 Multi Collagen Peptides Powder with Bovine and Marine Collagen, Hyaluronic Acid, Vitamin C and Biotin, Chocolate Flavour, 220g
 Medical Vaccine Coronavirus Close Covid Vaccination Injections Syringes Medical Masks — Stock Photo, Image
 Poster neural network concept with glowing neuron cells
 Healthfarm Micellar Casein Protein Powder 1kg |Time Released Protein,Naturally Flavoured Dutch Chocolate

**********

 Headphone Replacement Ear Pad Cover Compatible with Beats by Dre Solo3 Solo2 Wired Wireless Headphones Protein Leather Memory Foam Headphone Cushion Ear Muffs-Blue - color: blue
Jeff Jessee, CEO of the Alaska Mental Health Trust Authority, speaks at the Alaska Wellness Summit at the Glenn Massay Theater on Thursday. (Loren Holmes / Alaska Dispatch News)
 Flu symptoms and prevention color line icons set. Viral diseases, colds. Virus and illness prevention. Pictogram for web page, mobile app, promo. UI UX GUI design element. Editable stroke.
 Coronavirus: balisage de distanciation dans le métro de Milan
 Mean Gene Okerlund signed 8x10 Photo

**********

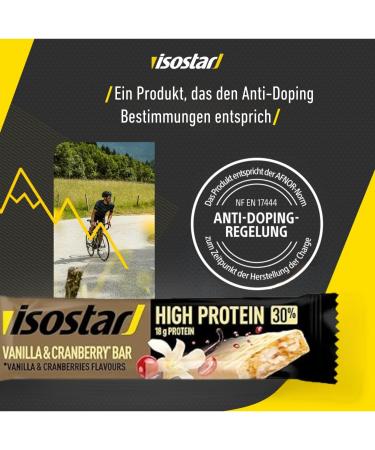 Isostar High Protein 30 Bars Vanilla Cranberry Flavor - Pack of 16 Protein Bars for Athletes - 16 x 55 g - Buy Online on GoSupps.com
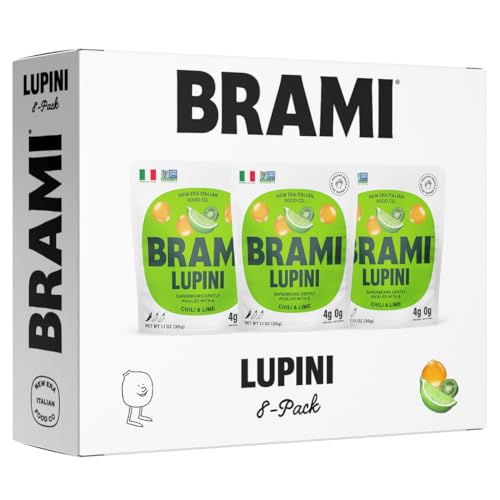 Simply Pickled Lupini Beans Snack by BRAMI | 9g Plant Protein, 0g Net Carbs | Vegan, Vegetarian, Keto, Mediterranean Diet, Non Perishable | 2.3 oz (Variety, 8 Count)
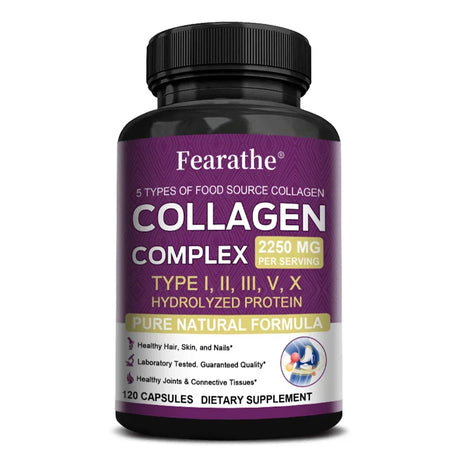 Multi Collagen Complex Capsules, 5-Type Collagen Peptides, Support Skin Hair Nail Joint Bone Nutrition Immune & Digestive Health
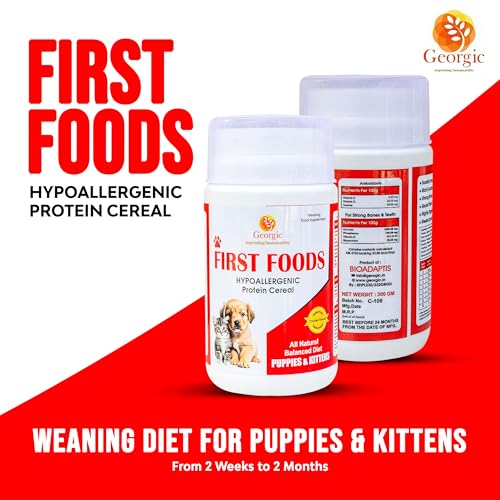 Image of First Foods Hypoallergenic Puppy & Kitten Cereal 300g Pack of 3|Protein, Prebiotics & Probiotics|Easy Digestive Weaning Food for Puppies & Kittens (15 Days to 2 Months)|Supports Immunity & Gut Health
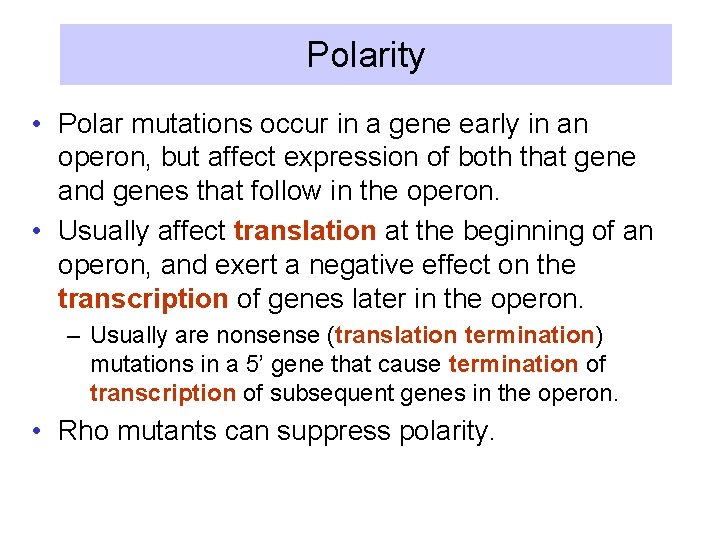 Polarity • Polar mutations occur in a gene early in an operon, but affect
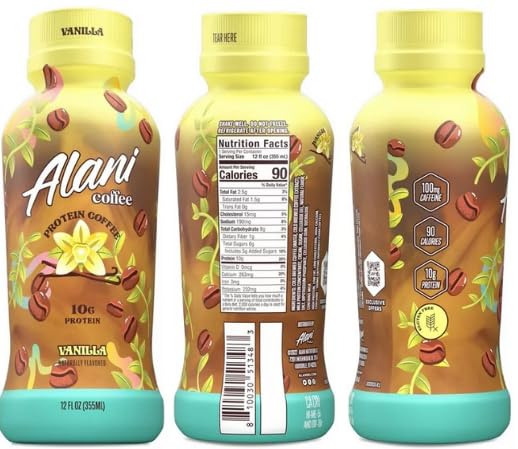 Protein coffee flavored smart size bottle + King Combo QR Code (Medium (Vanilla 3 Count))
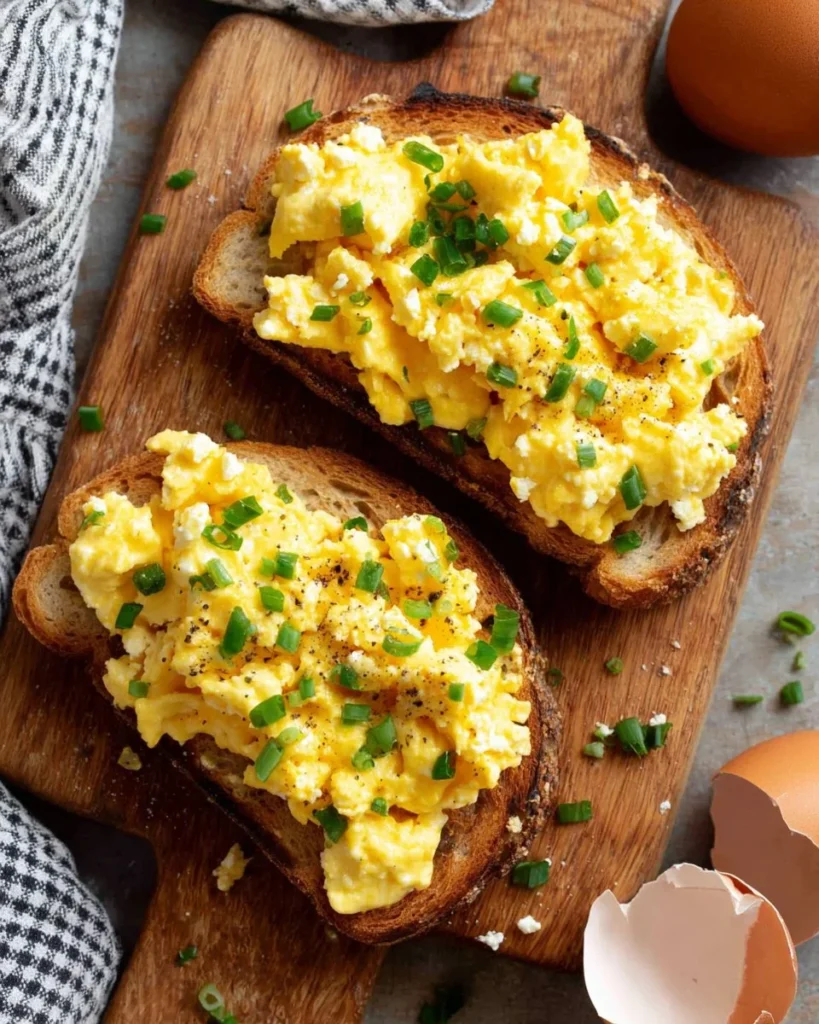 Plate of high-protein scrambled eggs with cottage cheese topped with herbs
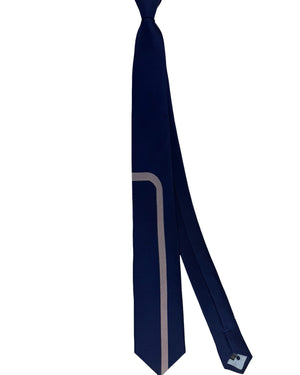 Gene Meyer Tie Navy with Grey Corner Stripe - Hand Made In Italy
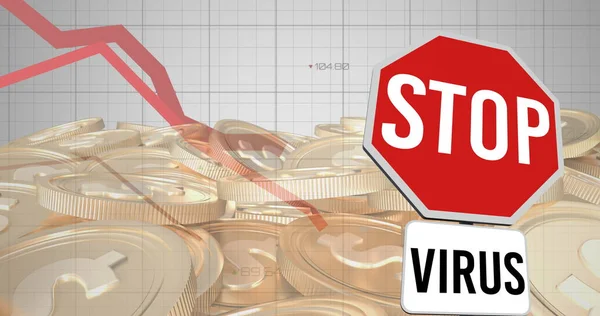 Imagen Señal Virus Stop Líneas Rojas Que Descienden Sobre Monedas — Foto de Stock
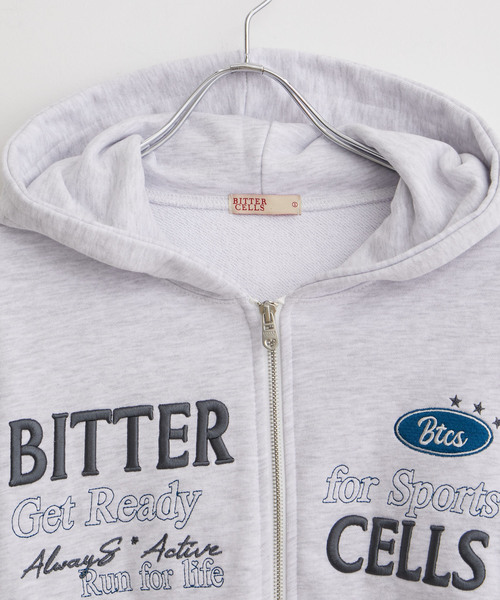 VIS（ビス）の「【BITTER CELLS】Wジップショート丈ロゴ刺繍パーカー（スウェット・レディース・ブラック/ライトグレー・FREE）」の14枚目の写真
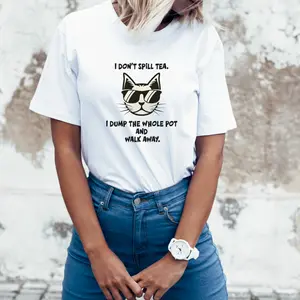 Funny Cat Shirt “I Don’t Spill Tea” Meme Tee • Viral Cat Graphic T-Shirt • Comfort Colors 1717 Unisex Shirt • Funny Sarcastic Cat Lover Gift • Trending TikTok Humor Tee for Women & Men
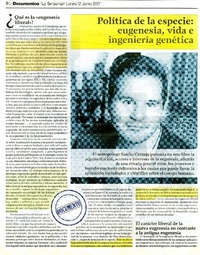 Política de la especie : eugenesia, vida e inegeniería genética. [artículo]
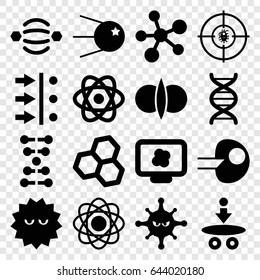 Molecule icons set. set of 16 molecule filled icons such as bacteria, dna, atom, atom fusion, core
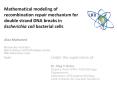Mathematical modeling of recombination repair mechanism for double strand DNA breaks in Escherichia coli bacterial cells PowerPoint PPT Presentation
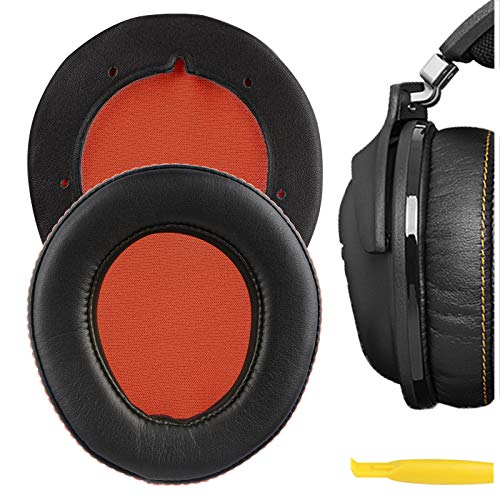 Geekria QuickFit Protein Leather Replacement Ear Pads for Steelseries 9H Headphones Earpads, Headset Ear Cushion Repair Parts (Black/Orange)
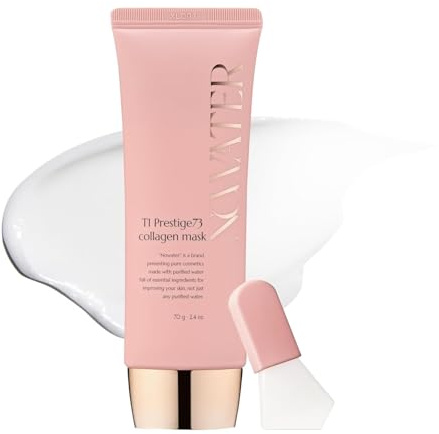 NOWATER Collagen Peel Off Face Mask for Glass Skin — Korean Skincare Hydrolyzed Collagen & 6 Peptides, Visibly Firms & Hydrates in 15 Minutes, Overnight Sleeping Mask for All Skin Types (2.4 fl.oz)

**********

State the number of lines in the records above that contain the string "Chocolate", and give nothing else.

SOLUTION FOR THIS TASK:
2